* Exercise *
Please restate word for word the lines of the entries below from the one with "Load image into" to the one with "Usado Skoda Octavia", inclusive, and leave out every picture.

* Listed entries *
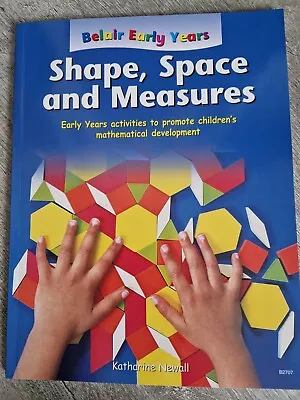 £4.99 • Buy Belair Early Years Shape, Space And Measures Book New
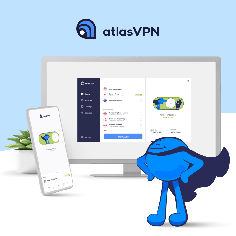 Free VPN for Android Download - Atlas VPN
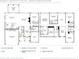 Detailed floor plan showcasing the layout of the home, including the bedrooms, bathrooms, kitchen, and living spaces at 2002 Freestone Way, Marietta, GA 30064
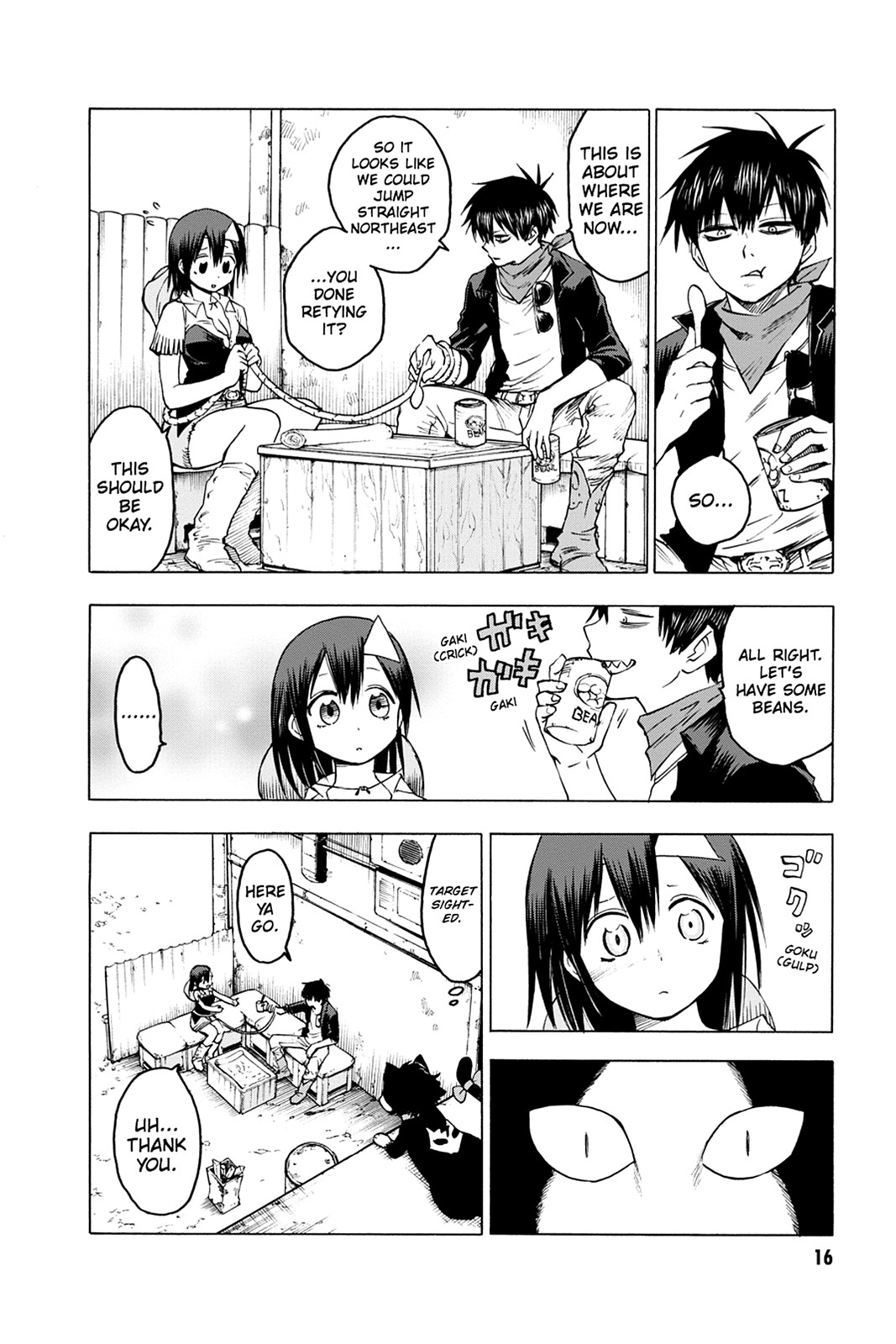 Read Blood Lad (en) Manga Online
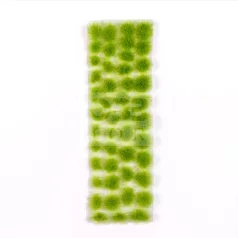   AK-Interactive LIGHT GREEN TUFTS 4MM - Fűcsomók diorámához AK8244
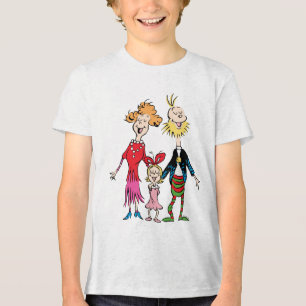 Cindy Lou Whos Familienporträt Tri-Blend Shirt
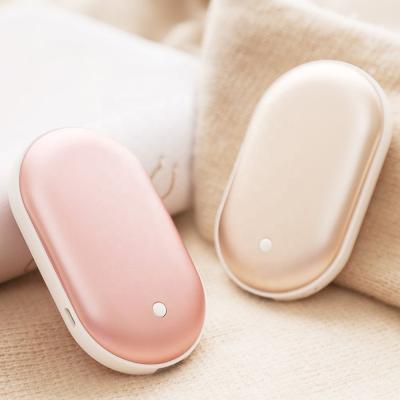 China OEM cheap panguin gift electric 4000mAh best promotion hand warmer portable hand warmer bank for sale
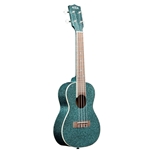 Kala Rhapsody in Blue Sparkle Concert Ukulele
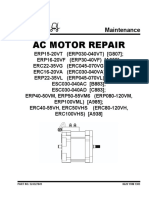 AC Motor Repair Hyster US-EN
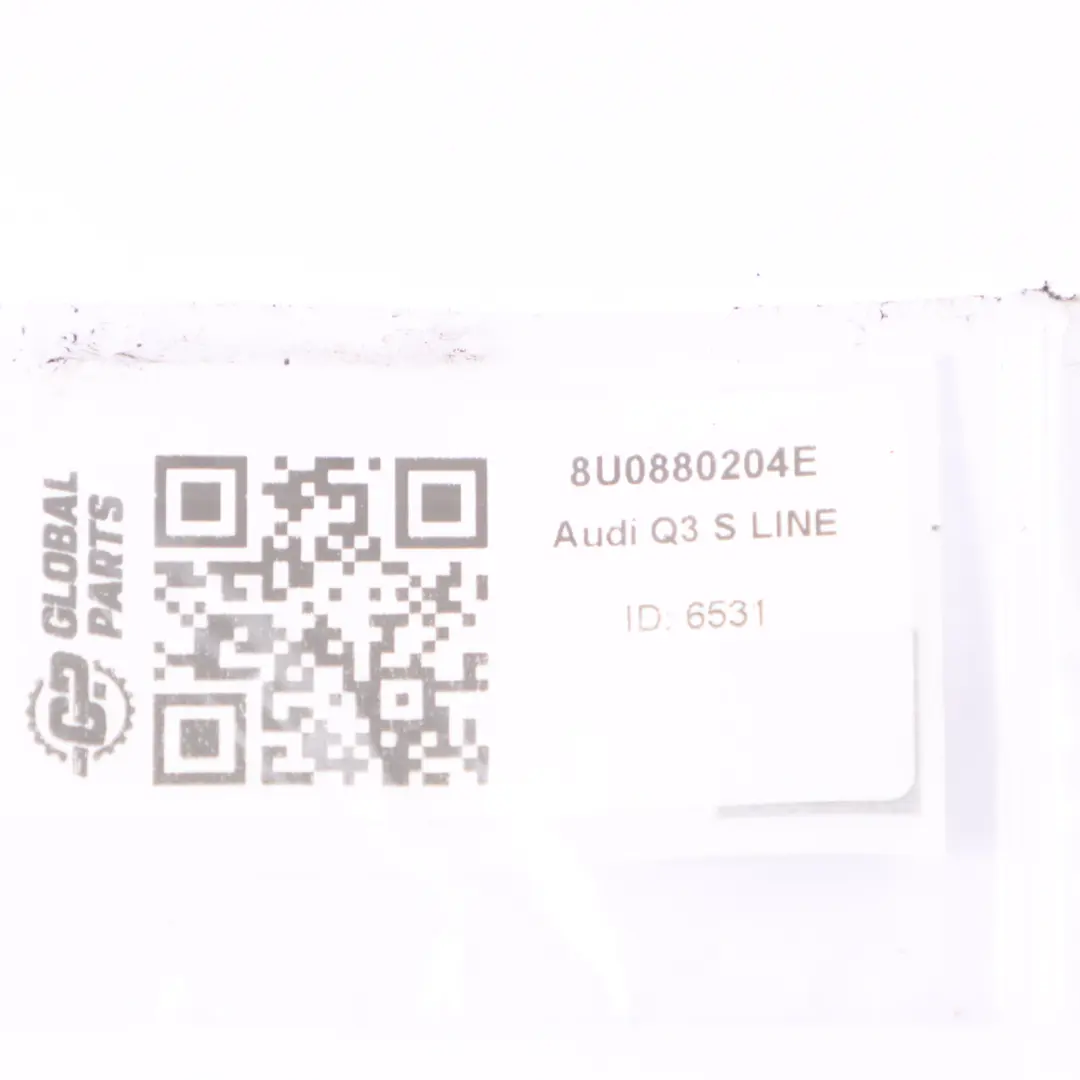 Audi Q3 S Line Poduszka Powietrzna Pasażera - SKU 8U0880204E - Numer Części 8U0880204E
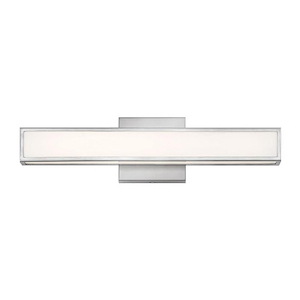 Alto - 26W LED Small Bath Vanity in Modern Style - 18 Inches Wide by 4.75 Inches High - 819296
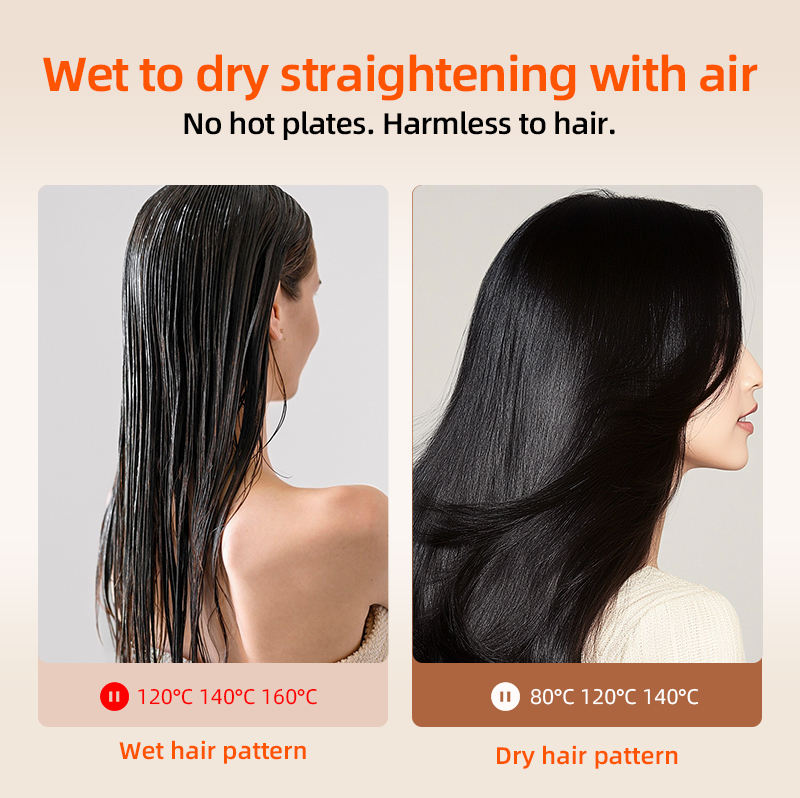 Mosrugs | 2-in-1 Hair Dryer & Straightener for Effortless Styling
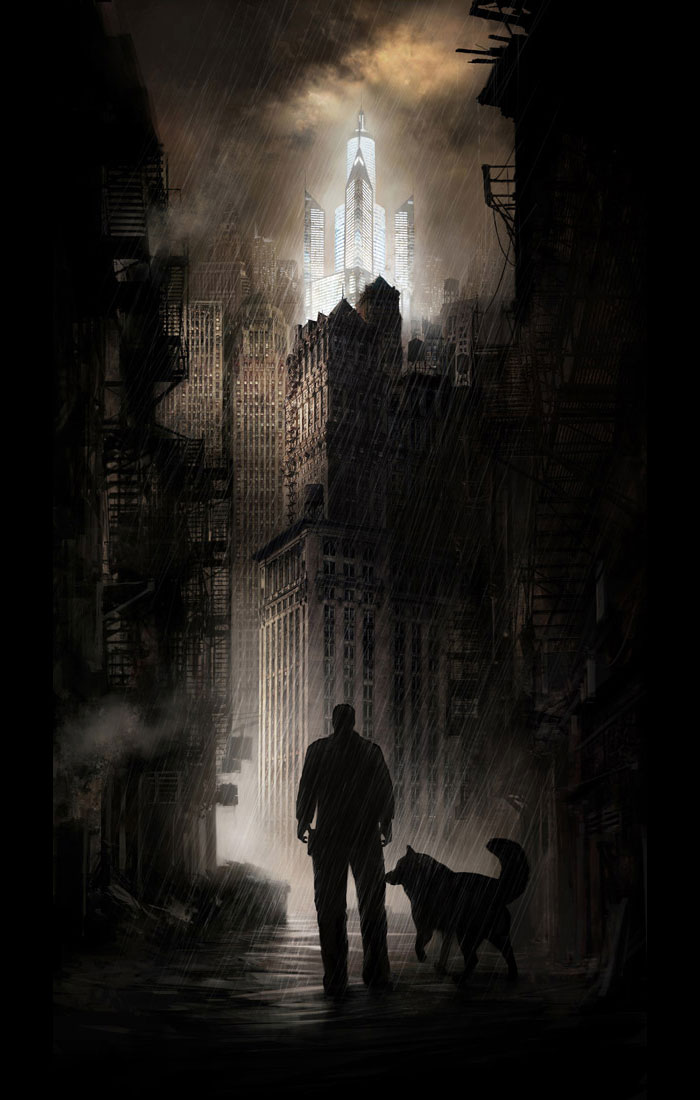 Grant City Art from Dead to Rights: Retribution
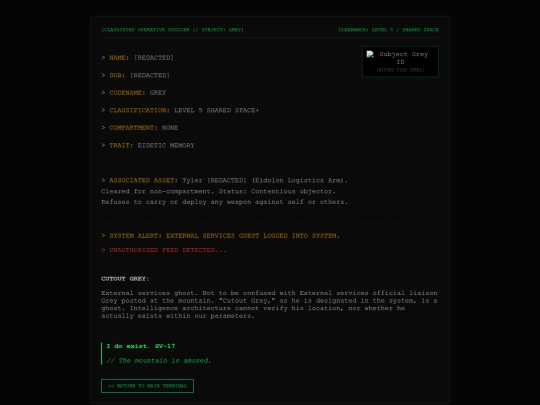 dossier-grey screenshot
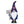 Load image into Gallery viewer, Chicago Cubs Winter Gnome Wooden Kickstand Sign
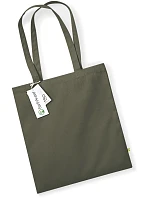 Taška Westford Mill W 801 EarthAware™ z biobavlny 50.0801 olivovo zelená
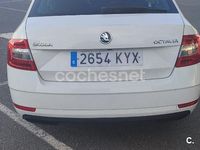 Usado Skoda Octavia Ambition 150 CV (110 kW) 2019 Blanco Berlina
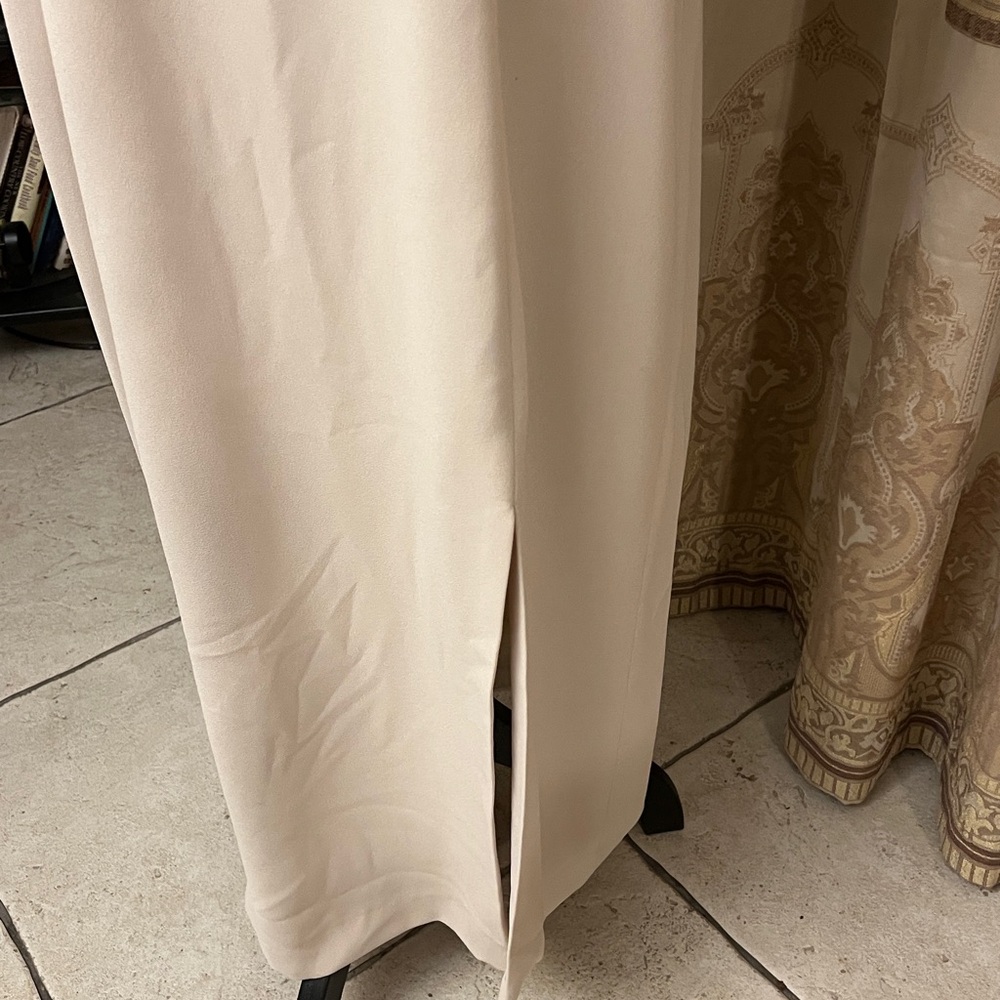 Rimini Cream Women's Dress with Jacket - Picture 5 of 6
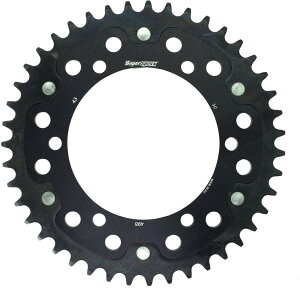 Supersprox スーパースプロックス ドリブン スプロケット リア ステルス (STEALTH) アルミ&スチール W650 ZEPHYR750 ZEPHYR750RS ZRX ZRXII ZX-6R GSX-R750 KAWASAKI カワサキ SUZUKI スズキ ドリブンスプロケット・リ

* Your response *
 Load image into Gallery viewer, Chicago Cubs Winter Gnome Wooden Kickstand Sign
 Taška Westford Mill W 801 EarthAware™ z biobavlny 50.0801 olivovo zelená
 Usado Skoda Octavia Ambition 150 CV (110 kW) 2019 Blanco Berlina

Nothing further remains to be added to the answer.